One thing that's become increasingly clear to me over the last four years in politics is that on the progressive side, we're really all in this together. We either hang together, or hang separately. To be more granular, Howard Dean does not exist without the gay community. Howard Dean's first slug of money - before the internet - came from the gay community. People powered politics means all the people.
And women, well, I am really frustrated at the lack of representation of women within the leadership or pundit class of the Democratic Party. That failure leads directly to under-registering single women, who are the largest Democratic leaning unregistered voting bloc. It's different within different parts of the party and progressive movement, but we also have a real race and gender problem on our hands, and this has negative strategic consequences. How we live our lives, and how we organize our movement, is directly tied to our values and what our governance model will be capable of.
That's why, unrelated as it may seem to MyDD's focus, I'm pointing to this blog post by Terrence Heath on LifeBEAT, which is the music industry's charitable organization dedicated to raising awareness about AIDS and HIV among youth. LifeBEAT is having a concert and is featuring two reggae artists who have advocated for murder and violence against gays and lesbians. Right now, there is a plague of violence against gays in Jamaica because of the AIDS epidemic there. Complicity on the part of our music industry with a violently anti-gay agenda is a real failure of liberals within the music industry.

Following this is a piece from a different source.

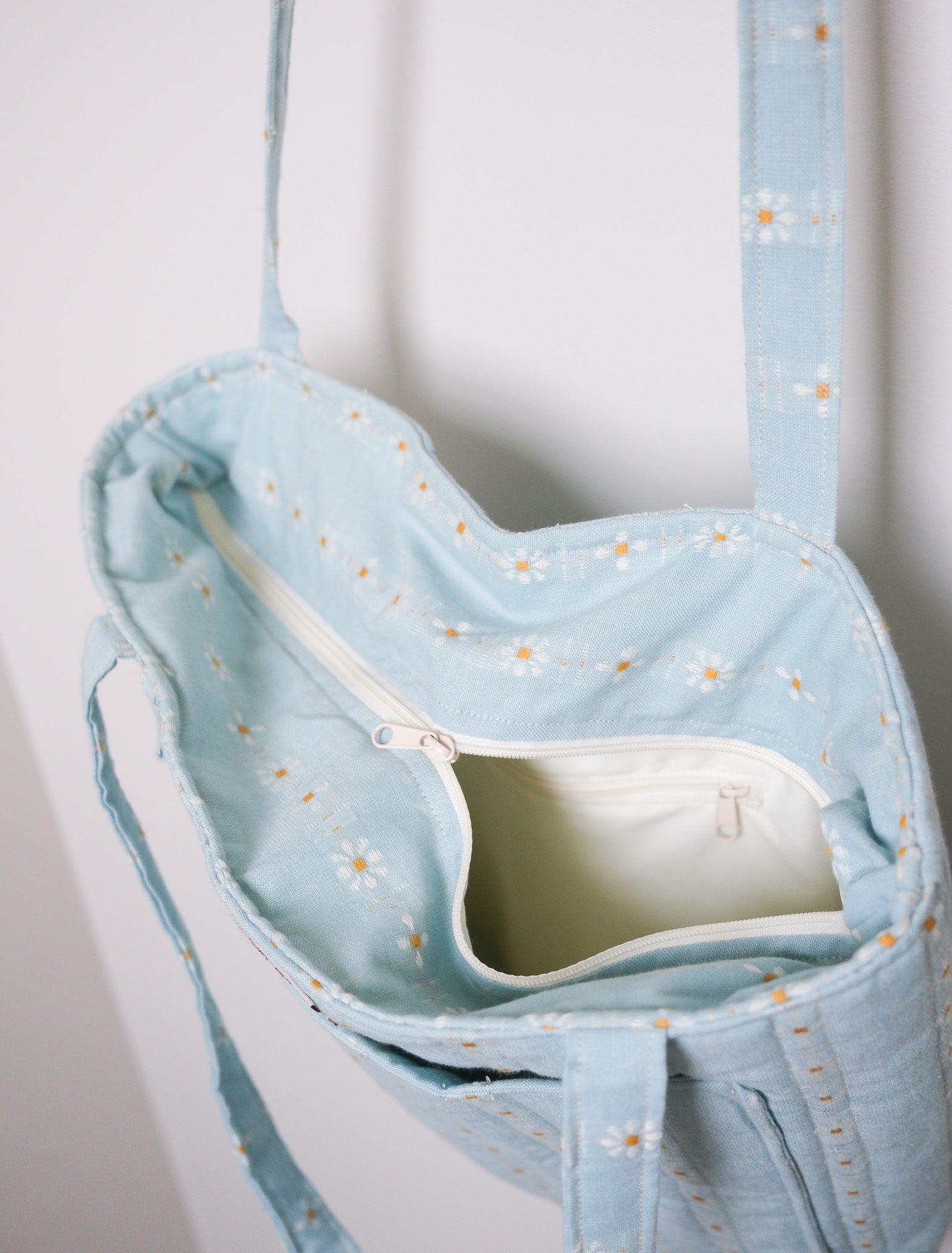 Droplet Daisies | Florence Tote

This is not ok. What's going on in Jamaica sounds very much like what happened in the 1980s in America, with discrimination against gays as the norm turning into violent fear. We are still living with those consequences today, in the form of the Bush administration, that uses this fear to drive us further apart from one another.
As progressives, we do not control any branch of government, but we do have control over our own actions and what we sanction in our own lives and our own projects. It is in choices like the one that LifeBEAT is making that measure our moral strength and how willing we are to stand up for our values. It was not, for instance, the administration that made dissent after 9/11 unpatriotic. It was the complicity of all of us, including Democratic party leaders and people like Andrew Sullivan and Peter Beinart, who did so by remaining silent and/or joining in the jeering and fear-mongering.
Dissent is now patriotic again, but that's only because of the collective choice of millions of people to stand up and say that we will not live in a country governed by fear. The people in America really are sovereign, and when we want something, we can get it. But that means that as sovereign as we can be, we must want that freedom, or we will be dominated by small and petty men.
Each of us has that choice, in our personal lives, like the organizers of this concert. Do we go along with the existing power structure, and stay silent and profit? Or do we make the hard decision and repudiate those who repudiate our values? It's not as simple as it may seem. LifeBEAT, which must make this choice and which has a board of influential and socially conscience individuals, has so far failed. And that failure, just like the freedom we achieve by speaking out, belongs to all of us. And if you know someone in the music industry who could put pressure on LifeBEAT to repudiate this agenda, you should do so.
We in the progressive movement need to live our values.